The Italian irredentism in Istria was the political movement supporting the unification to Italy, during the 19th and 20th centuries, of the peninsula of Istria. It is considered closely related to the Italian irredentism in Trieste and Fiume, two cities bordering the peninsula.

History

Istria, since Roman times, has been an eastern region of Italy, populated by romanized people who were initially related to the Roman Empire and -after the Middle Ages- to the Republic of Venice. In the northeastern section of Istria after Charlemagne started to settle some Slav people, who increased in number inside all Istria mainly after the Turkish invasions of the Balkans (mostly as refugees).

When Napoleon defeated Venice in 1797, he found that Istria was populated by Italians on the coast and in the main cities, but the interior was populated mainly by Croats and Slovenians: this dual ethnicity in the same peninsula created a situation of antagonism between Slavs and Italians for the supremacy of Istria, when started the first nationalisms after Napoleon's fall.
Since 1815 Istria was a part of the Austrian monarchy, and Croats/Slovenians and Italians engaged in a nationalistic feud with each other.

As a consequence Istria has been the theater of an ethnic struggle between them, with bloody nationalistic wars, during the 19th and 20th centuries. The Italian irredentism was actively followed by many Italians in Istria, like the Italian hero Nazario Sauro of Capodistria.

Between 1918 and 1947 Istria was part of the Kingdom of Italy, but after World War II was part of Yugoslavia. Furthermore, after the war was created the Free Territory of Trieste in north-western Istria: in the years following the division of the territory between Italy and Yugoslavia, up to 40,000 Istrian Italians chose to leave the Yugoslav "B zone" and move to the "A zone" or Italy for various reasons - some were intimidated into leaving and some simply preferred not to live in Josip Broz Tito's Yugoslavia.

Since the end of World War II the irredentism has totally disappeared in Istria, in most part because of the Istrian exodus.

Istria is populated mainly by Slavs, but nearly 50,000 Italians still live there (divided between the areas of Istria belonging to Croatia, Slovenia and Italy).

Italian irredentism
After Napoleon the idea of "unification" of all the Italian people in a "united Italy" started to be developed by intellectuals like the Istrian Carlo Combi.  As a consequence, the Italian irredentism promoted the unification of those areas not included in the creation of the Kingdom of Italy after 1861: Istria was one of those.
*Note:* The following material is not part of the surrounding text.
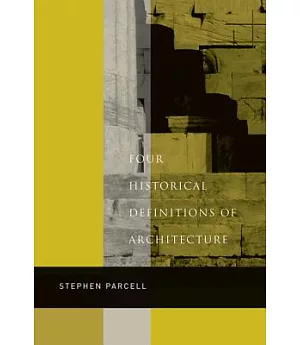 Four Historical Definitions of Architecture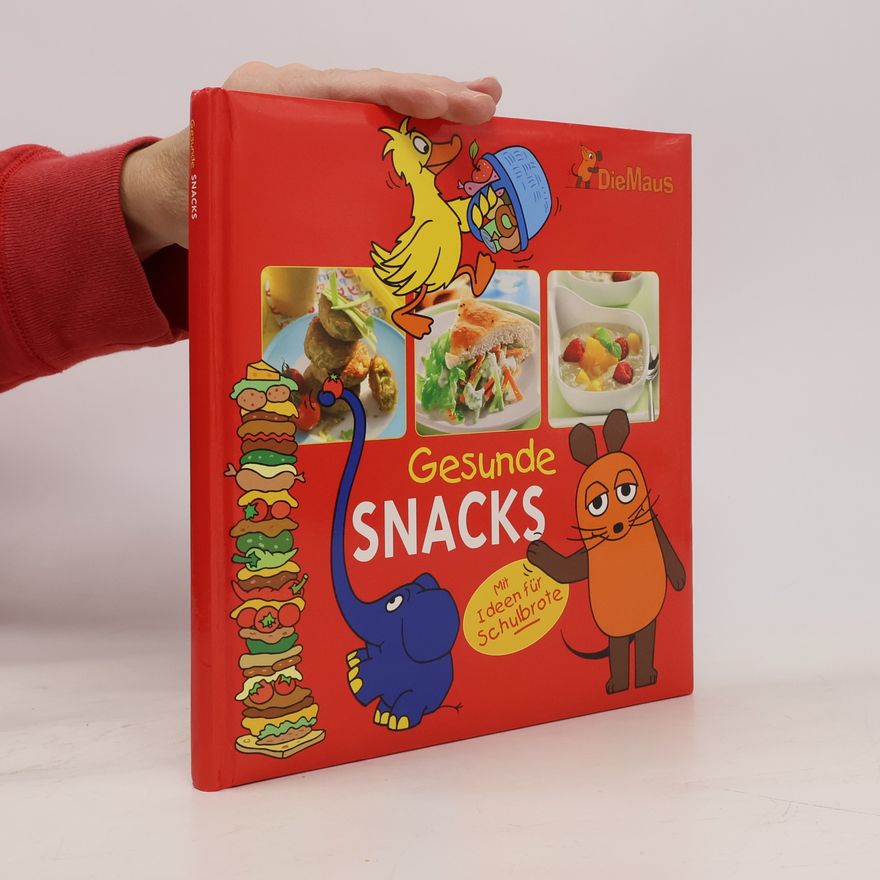 Autorenkollektiv Die Maus. Gesunde Snacks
The Italians in Istria (like Tomaso Luciani of Albona and many other "patriots") fully supported the Italian Risorgimento and, because of this, the Austrians saw the Italians as enemies and favored the Slav communities of Istria  During the meeting of the Council of Ministers of 12 November 1866, Emperor Franz Joseph I of Austria outlined a wide-ranging project aimed at the Germanization or Slavization of the areas of the empire with an Italian presence:

This fact created a huge emigration of Italians from Istria before World War I, reducing their percentage inside the peninsula inhabitants (they were more than 50% of the total population for centuries, but at the end of the 19th century they were reduced to only two fifth according to some estimates).

Indeed, in 1910, the ethnic and linguistic composition was completely mixed and the Italians were reduced to a minority in the Austrian province of Istria (even if huge). According to the Austrian census results, out of 404,309 inhabitants in the "Margravate of Istria", 168,116 (41.6%) spoke Croatian, 147,416 (36.5%) spoke Italian, 55,365 (13.7%) spoke Slovene, 13,279 (3.3%) spoke German, 882 (0.2%) spoke Romanian, 2,116 (0.5%) spoke other languages and 17,135 (4.2%) were non-citizens, which had not been asked for their language of communication.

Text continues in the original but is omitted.